È stato espresso parere favorevole unanime in merito alla proposta di deliberazione della Giunta regionale di approvazione dell’Avviso pubblico per il finanziamento delle iniziative in attuazione della proposta progettuale Giovani valdostani in montagna. La Regione ha messo a disposizione 115mila euro affinché Enti no profit possano mettere in atto attività per scoprire il mondo alpino rivolte a giovani fra i 14 e i 29 anni.
Parere favorevole con osservazioni anche sulla proposta di deliberazione della Giunta regionale di approvazione delle modifiche alle disposizioni attuative della l.r. 24/2009 concernente misure per la semplificazione delle procedure urbanistiche e la riqualificazione del patrimonio edilizio in Valle d’Aosta.
La sindaco di Verrayes Vanda Chapellu ha riferito che, nel tempo, si sono susseguite tre delibere di Giunta e, a 15 anni dall’entrata in vigore della Legge casa, vi sono stati 4.178 interventi.
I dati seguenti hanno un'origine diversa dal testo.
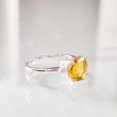 thumbnail image 3 of Hexagon Citrine Ring, 925 Sterling Silver, Women Ring, Natural Citrine, November Birthstone, Christmas, Thanksgiving, Tiny Dainty Ring, CZ Ring, Handmade, Statement Jewelry, Wedding, Anniversary Gift, 3 of 8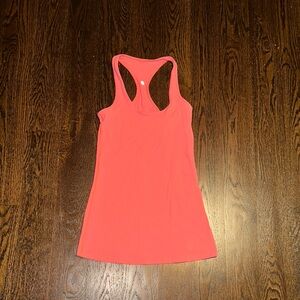LULULEMON RACER BACK PINK STRETCH TANK TOP YOGA FITNESS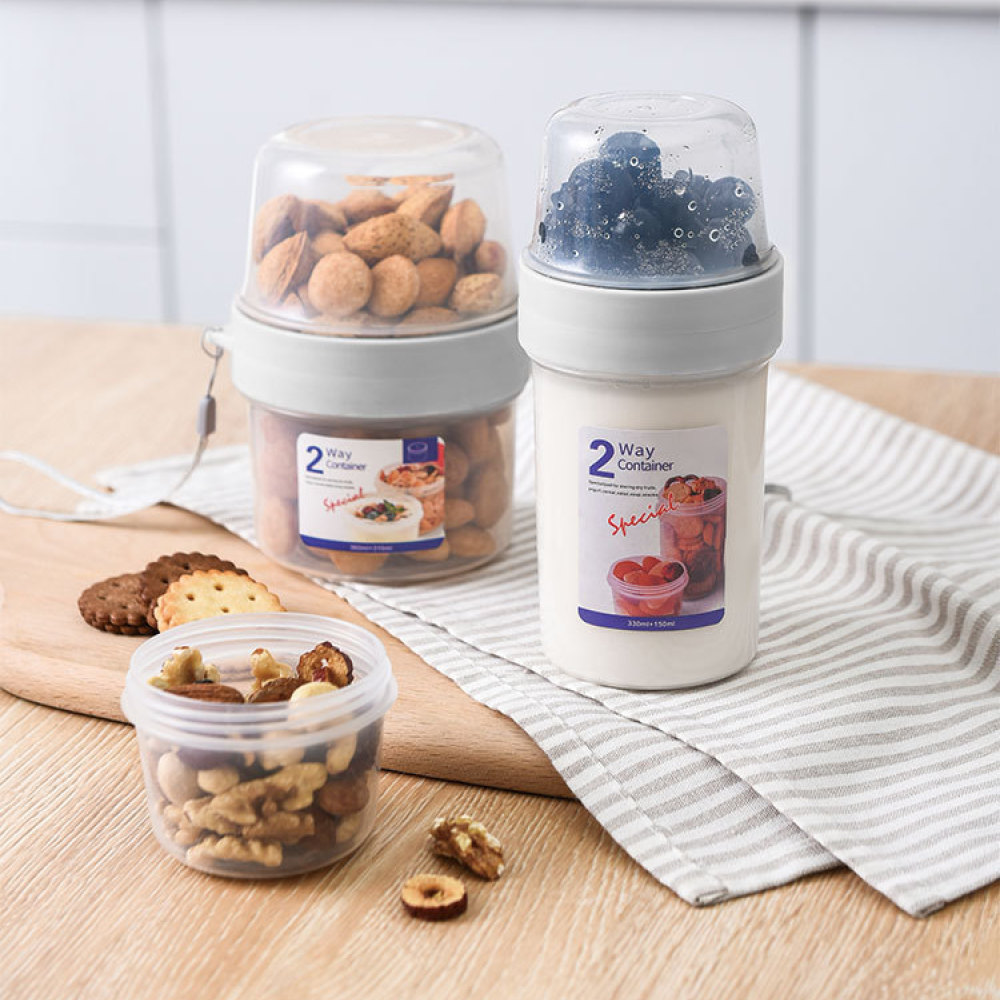 Portable Double Layer Food Sto - Baby Food Snacks Yogurt recension och pris
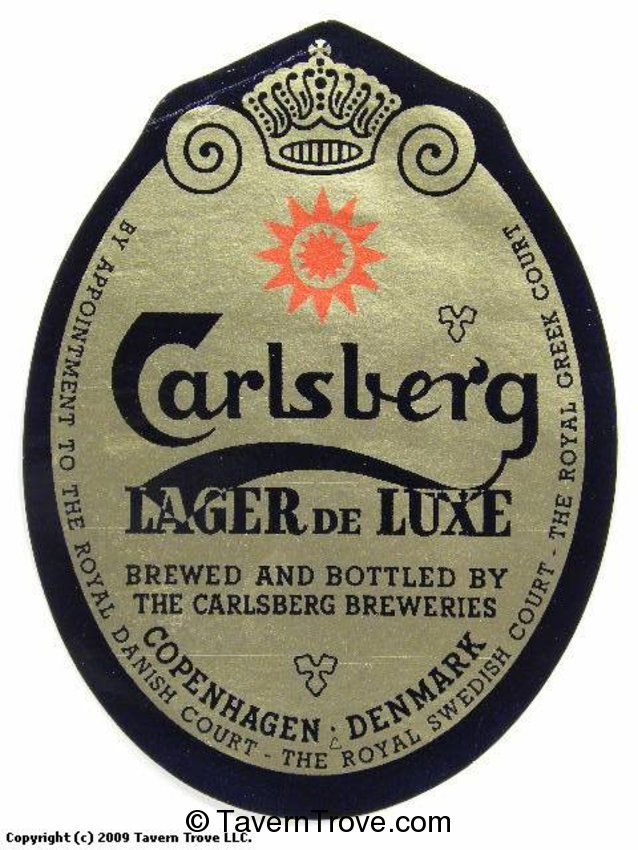 Item #53552 1967 Carlsberg Lager DeLuxe Label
In alcune località, la possibilità di applicazione ha generato situazioni di criticità mentre, in altri, ha dato nuova vitalità al recupero di abitazioni degradate. In attesa di una revisione della norma, il legislatore ha ritenuto di intervenire sulla delibera di Giunta. La revisione cerca di dare risposte su due fronti: all’interno dei centri storici e in territori a elevato utilizzo di questo istituto legislativo. Le modifiche sostanziali sono: le deroghe riguardano esclusivamente gli interventi sugli edifici esistenti e non sulle aree esterne; i benefici possono essere concessi fatta salva la verifica delle dotazioni di acqua potabile e scarichi reflui; non sono derogabili le norme di settore negli strumenti urbanistici comunali; nei centri storici le disposizioni non sono applicabili a edifici classificati come in contrasto con l’ambiente per volumetria; nelle zone A si può realizzare un solo piano aggiuntivo; logge e terrazze non concorrono alla determinazione della superficie per il bonus volumetrico; sono meglio definiti i compiti delle Commissioni edilizie (si esprime su tutti i permessi di costruire e può ridurre la percentuale di ampliamento) e le competenze della Soprintendenza.
L’Assemblea ha chiesto la possibilità per i Comuni di incidere in modo autonomo nella definizione dei bonus volumetrici da applicare sui propri territori.
Nel corso del dibattito, Loris Sartore, assessore del Comune di Aosta, ha annunciato di aver inviato le proprie osservazioni, redatte con gli Uffici. La prima chiede di precisare il fatto che dovrebbero essere esclusi dal calcolo: logge, balconi, aggetti del tetto e locali interrati e seminterrati. È emerso un dubbio rispetto all’interazione fra Legge Casa e Piani urbanistici di dettaglio. La seconda osservazione, in caso di soprelevazione in zona A, chiede di precisare – in caso di demolizione e ricostruzione – come debba essere considerata l’altezza dell’edificio. Rispetto alla Commissione edilizia, chiede di chiarire la che si esprime sugli aspetti architettonici ed edilizi con riferimento al loro inserimento nel contesto paesaggistico.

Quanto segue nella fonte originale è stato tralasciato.